The essence of travel is a difficult thing to define because all people travel for different reasons and with different intents. Some wish to experience a country by diving into its cultural diversity and experiencing their local practices. Others wish to view and capture the beauty of nature. Whilst others enjoy nothing more than dining in fancy restaurants and splurging on expensive hotels. And some are happy with anything, as long as it’s a reprieve from their normality. And then there is all those in-between. There is really no best fit model for all travellers.
I travel to experience cultural diversity and natural beauty. I gain the most joy from traversing dark rain forests; indulging my curiosity for local practices; swagging it in foreign and isolated locations; spending all day waiting for a single creature to appear in front of my lense et cetera. These are the things that I travel for. Unfortunately, all this costs money. Money that can take up to a year to fully acquire. I needed a means to travel in my desired way, but in an inexpensive manner. If such a way existed.
My life is not bad, but, by no means, is it what I hoped for. I was hoping for adventure, challenges, to test the level of my endurance and mind. But, so far, I’ve found nothing but constant stagnation. Whether it be the dulling routine of an 8-5 job or the relentless regime of a university science student. Ever since I finished school, even during, my life has been a constant regime and familiarity.
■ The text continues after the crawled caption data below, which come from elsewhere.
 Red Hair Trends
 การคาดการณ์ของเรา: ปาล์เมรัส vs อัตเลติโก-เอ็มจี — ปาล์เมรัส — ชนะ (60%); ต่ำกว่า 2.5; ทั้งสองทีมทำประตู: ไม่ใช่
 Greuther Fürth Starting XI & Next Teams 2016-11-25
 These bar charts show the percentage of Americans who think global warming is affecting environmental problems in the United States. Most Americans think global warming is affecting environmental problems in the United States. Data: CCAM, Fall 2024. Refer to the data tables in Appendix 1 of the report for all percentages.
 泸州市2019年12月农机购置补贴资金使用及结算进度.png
I went from school, to university, to a job and further study. There’s been the occasional holiday that titillated my interest in travel, but I never pursued it because I always found an excuse; “I can’t go again, I need to save” or “I have bills to pay” or “I don’t want to risk losing my job if I go for too long or too often”. You know, those reasons that appear so reasonable, but really only stand as small obstacles to our dreams
For some time now, possibly over a year, I’ve been contemplating some sort of event that would throw a complete spanner-in-the-works and really confront me. Something that would force me to push through these small obstacles.
I’ve finished school. I’ve completed university degrees. I’m a competent labourer at a joinery firm. I followed the strictly taught regime of school, work, family – less the latter. And, so far, nothing. All these ‘achievements’ have challenged me, but none have fulfilled me. I always thought they would make me happy, but they’ve left me with nothing but a longing for more; for something more substantial and influential on my life.
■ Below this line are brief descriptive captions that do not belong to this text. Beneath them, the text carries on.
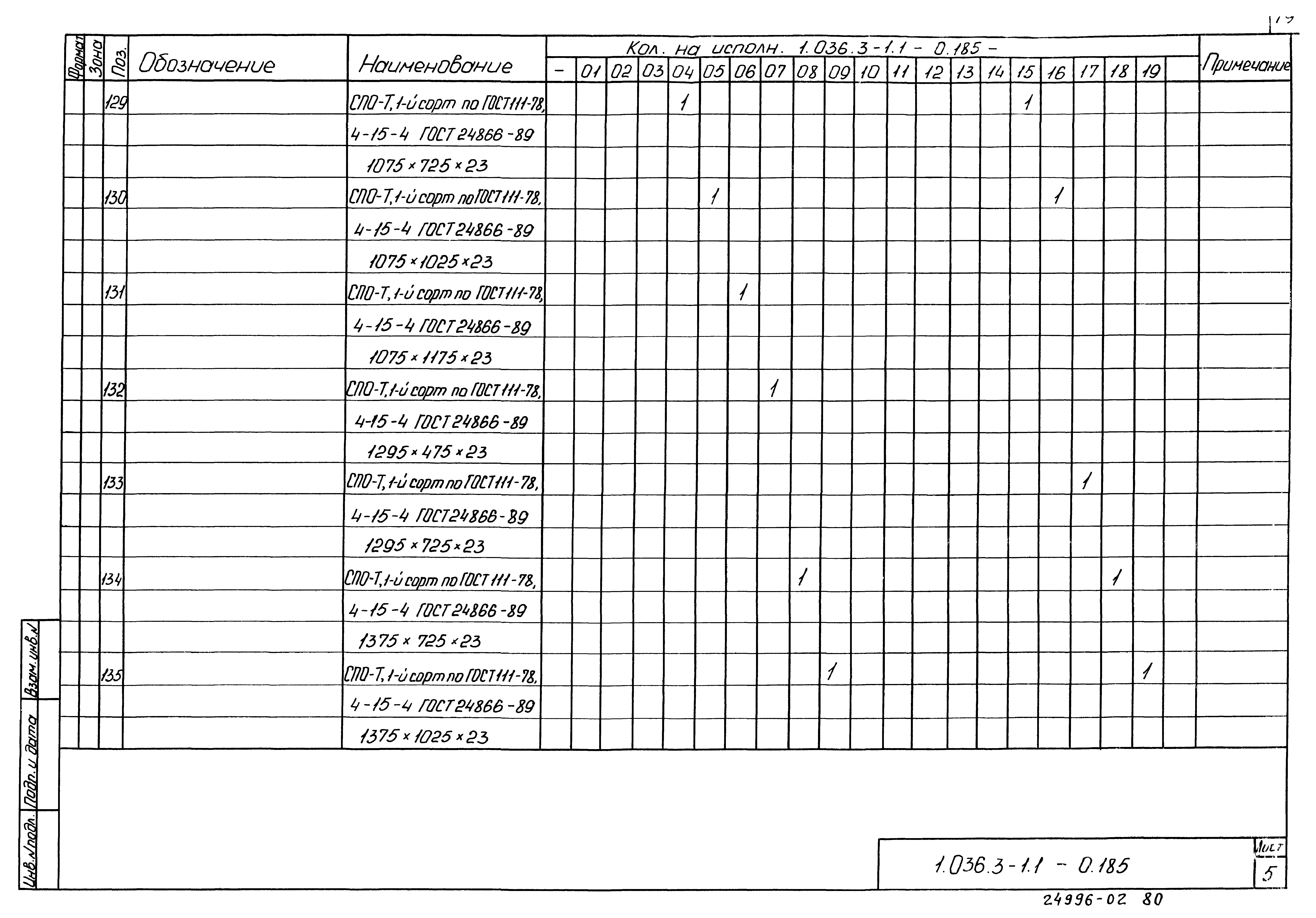 Серия 1.036.3-1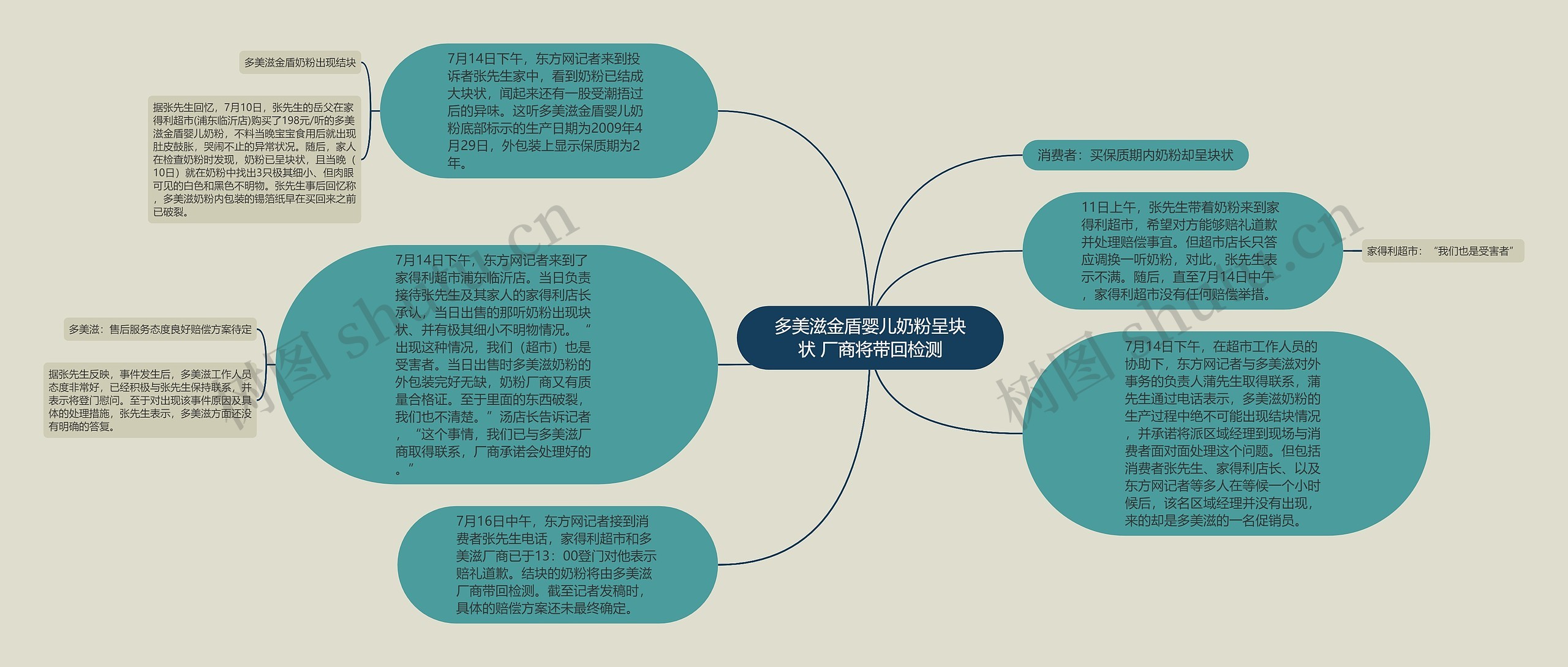 多美滋金盾婴儿奶粉呈块状 厂商将带回检测思维导图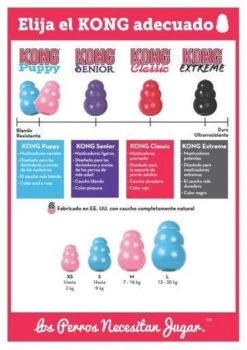 Kong Puppy - Kauwbot Hondenspeelgoed Small - Kauwbot - 85mm X 42mm - Groen/Wit -Hondenserie Winkel 848x1200 3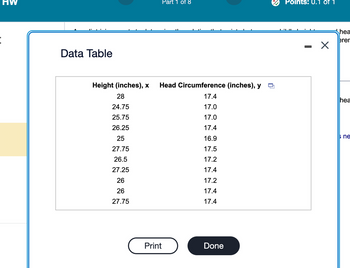 HW
Data Table
Part 1 of 8
Points: 0.1 of 1
་ ་་ ་་
-
☑
hea
eren
Height (inches), x
Head Circumference (inches), y
☐
28
17.4
hea
24.75
17.0
25.75
17.0
26.25
17.4
25
16.9
ne
27.75
17.5
26.5
17.2
27.25
17.4
26
17.2
26
17.4
27.75
17.4
Print
Done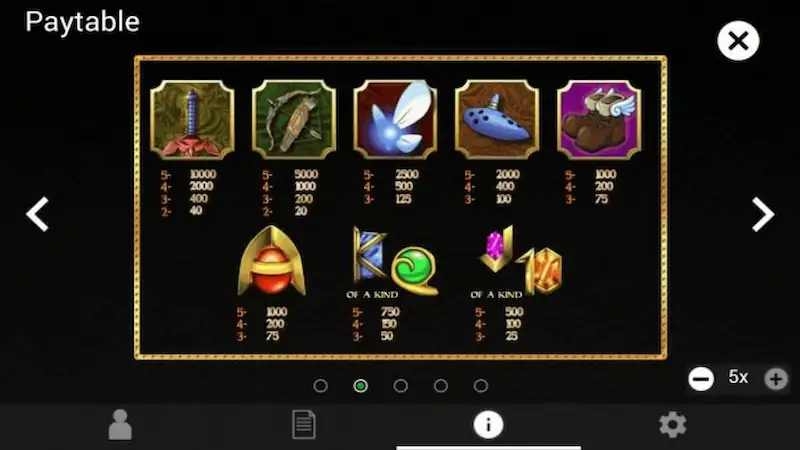 Paytable The Legend of Link TopTrend Gaming Konohatoto78 Paytable The Legend of Link TopTrend Gaming Konohatoto78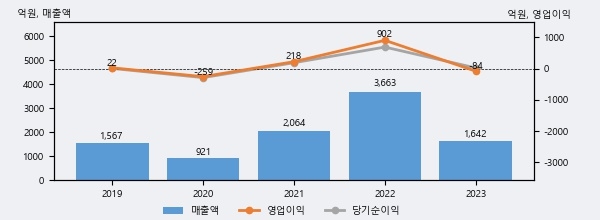 에치에프알, 주가와 거래량 동반 상승... 주가 +14.11% ↑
That’s why, around the beginning of 2018, I will be riding across Australia on a push-bike from its southernmost point at Wilsons Promontory, Victoria to its northernmost point at Cape York, Somerset. I am hoping to achieve this venture in around 30 days – a bit over 125km a day – although it will likely be longer than this as it is quite a significant distance for someone who has never ridden a bike more than 1km in a single session.
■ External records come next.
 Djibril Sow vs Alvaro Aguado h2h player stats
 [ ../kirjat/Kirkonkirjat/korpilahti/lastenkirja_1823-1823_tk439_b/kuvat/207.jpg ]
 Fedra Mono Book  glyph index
What spurred my interest in this specific venture? You might ask. Well it all happened when I saw a push bike on the corner of my street. It had no sign indicating it was for sale. No chain indicating it was a possession. And it remained in the same spot for 3 days until a thrifty low-life thought they might get a free bike for a big journey 😉 Although, I guess the idea has been in my head for a while.
The idea is not new, nor my own. There have been many people who have undertaken their travels in a similar manner. I’ve seen quite a few videos and articles written about people who did something incredible. They packed up all their possessions into a backpack or bike or van or sailboat or some movable object and set of down the road. One particular individual, a Mr Jedidiah Jenkins, rode his bike from Oregon to the Southern tip of South America. Since completing his journey, he has made several videos about how he did it and why he did it, as well as how such a journey changed his life. The whole story was very inspirational and I would highly recommend watching his featured content on Nat Geo and TEDx Talks. Out of all the videos, one particular quote stood out to me;
“Routine is the enemy of time, it makes it fly by”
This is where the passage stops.